While the first two-thirds of the decade were essentially devoid of
the traditional monsters so popular in the ‘30’s and ‘40’s, by 1956
Hollywood was once more interested in them, albeit with a
science-based twist. In films such as THE WEREWOLF, HOW TO MAKE A
MONSTER, BLOOD OF DRACULA, and MONSTER ON THE CAMPUS, supernatural
origins were cast aside in favor of scientific manipulation. Whether
by a serum made from wolf hormones, chemically altered theatrical
make-up, or microscopic organisms from a coelacanth’s bite, science
was responsible for visiting these horrors on an unsuspecting
populace.
Then there is the
most iconic of American monster-movies of the decade, CREATURE FROM
THE BLACK LAGOON. In a direct confrontation between science and
nature, Man invades the peaceful sheltered habitat of the Gill-Man,
irrevocably changing his existence in the effort to capture him for
scientific study. The Gill-Man, Universal’s most sympathetic monster,
was also the most victimized creature of the ‘50’s. Scientists hunted
him in the first CREATURE film; caught him and transported him to a
foreign land in the second; and surgically altered his very physiology
in the final installment of the series.

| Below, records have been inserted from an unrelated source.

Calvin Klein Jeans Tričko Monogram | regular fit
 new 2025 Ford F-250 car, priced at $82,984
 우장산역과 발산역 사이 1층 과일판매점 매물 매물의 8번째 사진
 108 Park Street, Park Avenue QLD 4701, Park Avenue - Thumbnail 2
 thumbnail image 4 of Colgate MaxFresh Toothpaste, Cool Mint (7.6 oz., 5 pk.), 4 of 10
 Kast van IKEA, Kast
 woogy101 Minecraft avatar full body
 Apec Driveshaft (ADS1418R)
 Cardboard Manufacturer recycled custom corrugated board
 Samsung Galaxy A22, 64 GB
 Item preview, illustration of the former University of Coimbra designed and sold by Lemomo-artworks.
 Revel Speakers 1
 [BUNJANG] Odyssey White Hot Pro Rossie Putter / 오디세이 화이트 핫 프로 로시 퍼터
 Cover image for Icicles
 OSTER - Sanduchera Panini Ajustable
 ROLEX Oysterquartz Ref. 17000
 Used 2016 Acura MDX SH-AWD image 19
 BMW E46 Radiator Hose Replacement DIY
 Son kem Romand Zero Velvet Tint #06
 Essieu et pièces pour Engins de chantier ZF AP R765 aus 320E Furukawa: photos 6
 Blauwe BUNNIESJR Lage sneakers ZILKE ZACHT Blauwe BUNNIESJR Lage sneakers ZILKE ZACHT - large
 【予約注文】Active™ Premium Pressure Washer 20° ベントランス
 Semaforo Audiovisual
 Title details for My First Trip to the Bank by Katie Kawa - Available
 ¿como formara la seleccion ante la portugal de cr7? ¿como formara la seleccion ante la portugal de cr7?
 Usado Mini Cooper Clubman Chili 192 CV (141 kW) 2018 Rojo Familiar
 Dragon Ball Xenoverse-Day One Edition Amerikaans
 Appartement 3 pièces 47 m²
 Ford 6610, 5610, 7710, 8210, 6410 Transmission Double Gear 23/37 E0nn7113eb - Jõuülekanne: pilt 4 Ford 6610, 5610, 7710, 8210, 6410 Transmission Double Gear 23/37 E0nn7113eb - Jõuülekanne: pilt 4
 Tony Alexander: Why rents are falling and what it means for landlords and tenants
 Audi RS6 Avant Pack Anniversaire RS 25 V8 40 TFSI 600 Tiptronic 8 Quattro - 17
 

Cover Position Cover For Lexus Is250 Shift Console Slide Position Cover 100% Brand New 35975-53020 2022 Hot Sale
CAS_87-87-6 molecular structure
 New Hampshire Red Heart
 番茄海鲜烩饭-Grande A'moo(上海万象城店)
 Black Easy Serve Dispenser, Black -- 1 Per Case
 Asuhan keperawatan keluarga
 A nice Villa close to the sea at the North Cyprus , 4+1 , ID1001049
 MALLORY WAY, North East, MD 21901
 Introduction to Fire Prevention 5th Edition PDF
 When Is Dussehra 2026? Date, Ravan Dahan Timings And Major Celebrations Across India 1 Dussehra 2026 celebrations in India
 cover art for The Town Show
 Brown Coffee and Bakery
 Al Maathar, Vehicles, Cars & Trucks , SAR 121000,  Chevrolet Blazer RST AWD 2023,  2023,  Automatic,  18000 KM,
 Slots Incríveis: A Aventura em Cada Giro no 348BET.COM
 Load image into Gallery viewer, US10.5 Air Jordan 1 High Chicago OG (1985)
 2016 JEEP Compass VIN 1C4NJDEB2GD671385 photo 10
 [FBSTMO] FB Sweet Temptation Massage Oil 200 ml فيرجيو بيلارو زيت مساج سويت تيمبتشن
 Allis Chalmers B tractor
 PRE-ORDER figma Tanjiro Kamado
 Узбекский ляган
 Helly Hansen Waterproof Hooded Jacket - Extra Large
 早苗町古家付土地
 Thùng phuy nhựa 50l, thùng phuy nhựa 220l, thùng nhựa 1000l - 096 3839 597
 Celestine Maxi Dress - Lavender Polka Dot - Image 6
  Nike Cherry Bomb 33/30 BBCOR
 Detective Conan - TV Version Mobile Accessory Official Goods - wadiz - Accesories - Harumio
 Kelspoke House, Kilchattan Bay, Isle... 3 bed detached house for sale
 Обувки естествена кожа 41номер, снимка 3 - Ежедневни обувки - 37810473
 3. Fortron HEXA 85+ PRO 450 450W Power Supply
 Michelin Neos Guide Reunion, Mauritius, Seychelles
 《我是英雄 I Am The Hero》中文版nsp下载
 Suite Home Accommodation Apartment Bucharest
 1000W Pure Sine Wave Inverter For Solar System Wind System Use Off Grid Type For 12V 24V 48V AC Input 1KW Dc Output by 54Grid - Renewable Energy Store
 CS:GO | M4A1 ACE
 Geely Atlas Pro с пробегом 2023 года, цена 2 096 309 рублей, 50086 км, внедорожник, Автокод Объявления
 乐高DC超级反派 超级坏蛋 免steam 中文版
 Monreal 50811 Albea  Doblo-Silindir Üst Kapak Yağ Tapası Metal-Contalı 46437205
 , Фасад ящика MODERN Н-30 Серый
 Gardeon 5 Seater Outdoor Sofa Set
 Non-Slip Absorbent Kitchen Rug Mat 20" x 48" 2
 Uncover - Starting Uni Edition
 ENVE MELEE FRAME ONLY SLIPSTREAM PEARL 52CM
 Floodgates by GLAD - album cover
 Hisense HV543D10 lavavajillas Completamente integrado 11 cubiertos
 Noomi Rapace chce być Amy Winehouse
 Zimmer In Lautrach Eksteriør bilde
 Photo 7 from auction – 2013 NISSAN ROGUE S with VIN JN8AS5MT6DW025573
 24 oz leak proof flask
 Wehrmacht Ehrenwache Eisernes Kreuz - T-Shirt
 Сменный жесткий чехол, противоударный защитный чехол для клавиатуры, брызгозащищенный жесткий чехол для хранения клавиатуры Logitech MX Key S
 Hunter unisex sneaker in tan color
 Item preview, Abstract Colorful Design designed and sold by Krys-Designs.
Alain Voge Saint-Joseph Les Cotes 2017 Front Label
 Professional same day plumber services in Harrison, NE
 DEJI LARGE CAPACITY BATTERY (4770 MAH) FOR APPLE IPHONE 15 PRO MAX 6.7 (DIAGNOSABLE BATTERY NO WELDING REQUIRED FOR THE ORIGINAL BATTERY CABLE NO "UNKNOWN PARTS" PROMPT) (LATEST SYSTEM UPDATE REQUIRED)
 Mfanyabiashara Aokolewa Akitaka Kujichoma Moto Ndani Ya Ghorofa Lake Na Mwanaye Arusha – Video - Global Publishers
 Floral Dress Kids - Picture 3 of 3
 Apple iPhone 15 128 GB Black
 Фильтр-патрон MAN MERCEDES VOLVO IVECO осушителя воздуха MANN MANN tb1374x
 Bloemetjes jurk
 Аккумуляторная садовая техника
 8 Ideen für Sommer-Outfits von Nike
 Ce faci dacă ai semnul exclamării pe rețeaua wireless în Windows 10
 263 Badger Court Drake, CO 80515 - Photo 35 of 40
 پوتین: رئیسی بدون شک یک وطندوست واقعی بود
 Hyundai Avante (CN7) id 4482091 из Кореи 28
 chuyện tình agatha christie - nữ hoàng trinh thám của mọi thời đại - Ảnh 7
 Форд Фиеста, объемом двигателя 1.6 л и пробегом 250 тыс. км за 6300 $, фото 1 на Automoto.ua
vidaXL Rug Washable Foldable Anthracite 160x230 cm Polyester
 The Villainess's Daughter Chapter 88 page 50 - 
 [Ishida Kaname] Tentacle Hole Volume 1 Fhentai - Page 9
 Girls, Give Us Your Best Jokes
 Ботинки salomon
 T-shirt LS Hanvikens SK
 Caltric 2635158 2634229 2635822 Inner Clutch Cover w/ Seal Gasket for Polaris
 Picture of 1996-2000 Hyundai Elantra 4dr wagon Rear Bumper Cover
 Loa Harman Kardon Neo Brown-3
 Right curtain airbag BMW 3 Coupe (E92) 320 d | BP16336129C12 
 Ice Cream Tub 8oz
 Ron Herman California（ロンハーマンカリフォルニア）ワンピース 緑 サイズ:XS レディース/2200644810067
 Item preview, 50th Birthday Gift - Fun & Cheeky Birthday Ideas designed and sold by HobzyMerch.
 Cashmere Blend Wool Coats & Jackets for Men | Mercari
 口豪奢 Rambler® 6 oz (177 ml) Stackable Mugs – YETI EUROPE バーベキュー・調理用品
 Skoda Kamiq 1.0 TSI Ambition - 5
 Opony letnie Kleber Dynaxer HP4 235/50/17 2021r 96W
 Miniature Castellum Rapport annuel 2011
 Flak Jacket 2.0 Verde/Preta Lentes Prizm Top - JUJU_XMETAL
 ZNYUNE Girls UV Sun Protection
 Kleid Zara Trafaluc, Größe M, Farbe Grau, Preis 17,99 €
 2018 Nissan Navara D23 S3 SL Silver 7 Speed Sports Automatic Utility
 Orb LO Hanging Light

Where’s the ASPCA when you
need them?
Another
great kit from Dark Carnival/Needful Things.
However, as the decade of the ‘50’s neared its close, traditional
horror, ‘classic’ horror, began to reassert itself in the genre.
Thanks to a small, low-budget studio in Great Britain, which had been
noted primarily for its crime pictures, great franchises such as
Frankenstein, Dracula, and the Mummy were resurrected, to tremendous
success. That studio was, of course, Hammer Films, and starting with
1957’s CURSE OF FRANKENSTEIN, they single-handedly made classic horror
popular again.
The rise of Hammer didn’t end science’s role as the primary
rrotagonist / antagonist of genre films, but it did mark the beginning
of the shift to that “new realism” of which I spoke earlier. As
standards eased and filmmakers explored expanded boundaries, films
such as NIGHT OF THE HUNTER, PSYCHO, and CAPE FEAR became the driving
force of the genre.
These literate, innovative, genuinely frightening films spawned hordes
of imitators, most of which relied on increasing amounts of blood,
gore, and nudity to make up for the lack of quality writing, directing
or acting. By the midpoint of the ‘60’s, the heyday of the mad
scientist had come to an end, and with it the horror cinema’s age of
innocence.
Though I love all
eras of the horror film, especially the Golden Age of the ‘30’s
through the mid-‘40’s, the years between 1950 and 1960 are perhaps the
most fun. Yes, the movies are cheesy, the plots are simplistic, and
the dialogue is straight from Leave It To Beaver; at least, in most
cases.
But they also remind of a time when it was okay to root for the good
guy, and, more importantly, root against the bad; a time when things
were simpler, even if only on the surface. They remind me of a time
when “Truth, Justice, and the American Way” was something the public
believed in, and something that Hollywood espoused… even if their
collective fingers were crossed behind them.